Work required: All the lines below should appear again unchanged, though their pictures should not.

Supplied data:
-*-

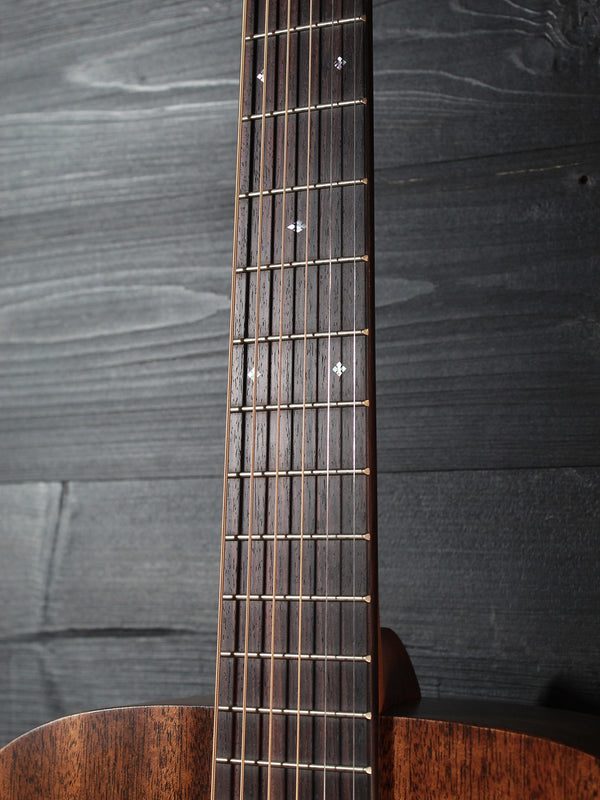 Martin 000-15M Mahogany Satin Finish  - All Solid Wood Made-in-USA Acoustic Guitar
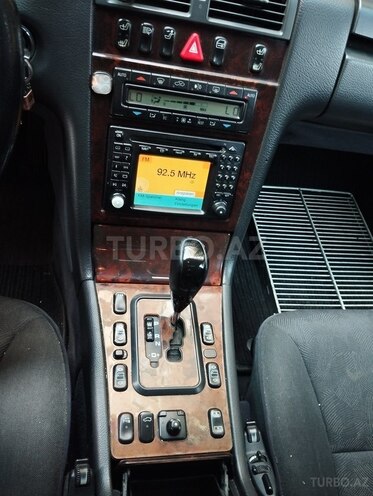 Mercedes E 240-8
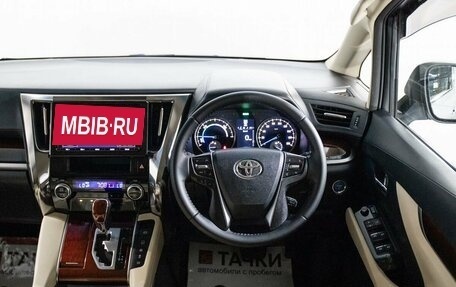 Toyota Vellfire II, 2017 год, 3 680 000 рублей, 10 фотография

-*-

Solution to this task:
 Martin 000-15M Mahogany Satin Finish  - All Solid Wood Made-in-USA Acoustic Guitar
 Mercedes E 240-8
 Toyota Vellfire II, 2017 год, 3 680 000 рублей, 10 фотография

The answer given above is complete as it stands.